Data extract:
┄┄┄┄┄┄┄┄┄┄┄┄┄┄┄┄┄┄┄┄

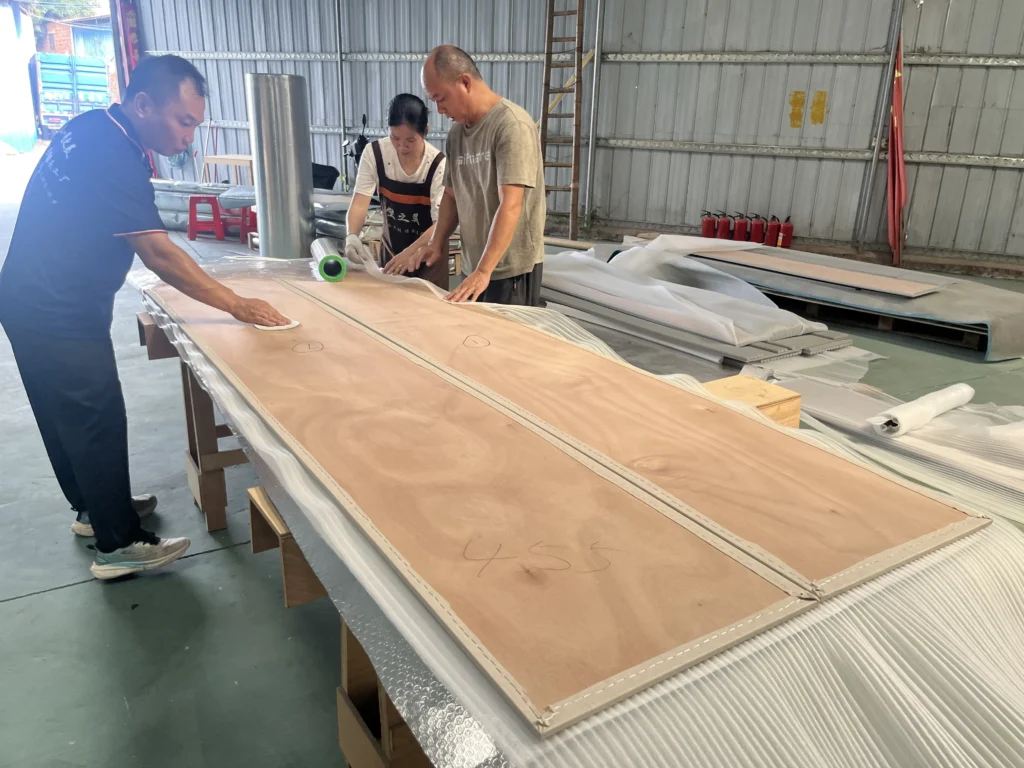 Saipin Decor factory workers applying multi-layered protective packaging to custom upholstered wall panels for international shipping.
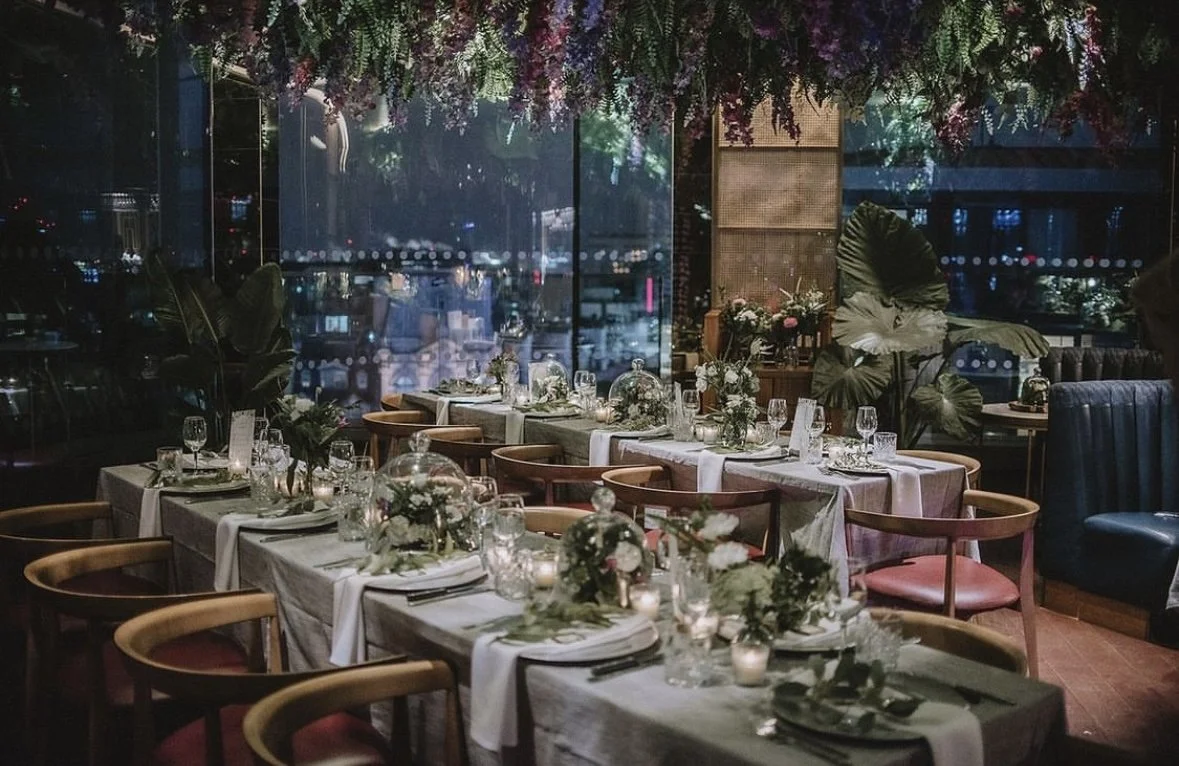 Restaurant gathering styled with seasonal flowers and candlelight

┄┄┄┄┄┄┄┄┄┄┄┄┄┄┄┄┄┄┄┄

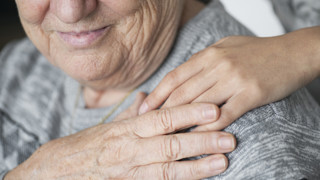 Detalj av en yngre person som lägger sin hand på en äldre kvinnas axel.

┄┄┄┄┄┄┄┄┄┄┄┄┄┄┄┄┄┄┄┄

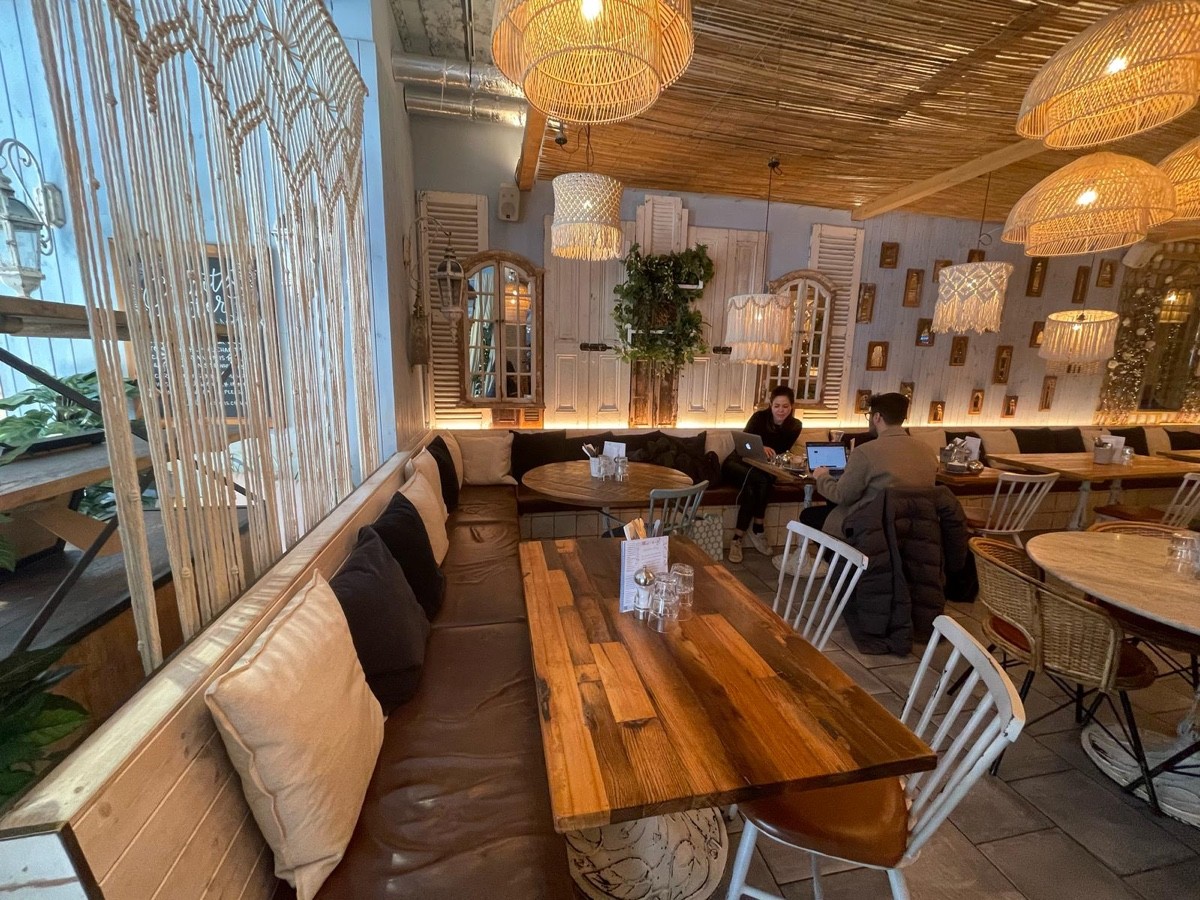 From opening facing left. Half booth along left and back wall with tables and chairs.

┄┄┄┄┄┄┄┄┄┄┄┄┄┄┄┄┄┄┄┄

Problem: Working from the data above, repeat exactly, and only, the lines that begin at the line containing "Saipin Decor factory" and stop after the line containing "Restaurant gathering styled"; pictures are not copied.

Result of the exercise:
 Saipin Decor factory workers applying multi-layered protective packaging to custom upholstered wall panels for international shipping.
 Restaurant gathering styled with seasonal flowers and candlelight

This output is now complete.